Using SQS as an event source, it will also fanout with the advantage of being able to process up to 10 messages at once, dead letter queues for SQS make a lot more sense than lambda DLQs etc.
But, I prefer to use SNS for producers and SQS for consumers and assign the SQS queue to a topic. With SNS+SQS you get a lot more flexibility.
Be careful the if there is possibility for a job to fail and need retry. SQS visibility and automatic dead lettering can give you this basically for free. I don't think SNS will.
1. You can have one SNS topic, send messages to it with attributes and subscribe to different targets based on the attribute.
2. You can have one SNS message go to different targets. There may be more than one consumer interested in an event.
3. “Priority” processing. I can have the same lambda function subscribed to both an SQS queue and an SNS topic. We do some things in batch where the message will go to SNS -> SQS -> lambda. But with messages with a priority of “high” they will go directly from SNS -> Lambda but they will also go through the queue.

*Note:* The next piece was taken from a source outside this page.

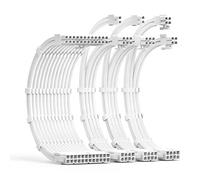 ABNO1 Kit d'extension de câble d'alimentation 30 cm de long avec peignes de câble 1 x 24 broches/1 x 8 broches (4 + 4) EPS/2 x 8 broches (6P + 2P) PCI-E/PC Câble gainé pour alimentation ATX (blanc)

High priority messages are one off triggered by a user action.
By “fan out” I mean that SNS will execute as many Lambda functions as needed to handle the published events as they occur. This gives you much greater concurrency than a typical pub/sub architecture where you typically have a ceiling on the subscriber count or are forced to wait on consumers to process the earlier enqueued messages before processing subsequent ones (i.e., the head-of-line blocking problem).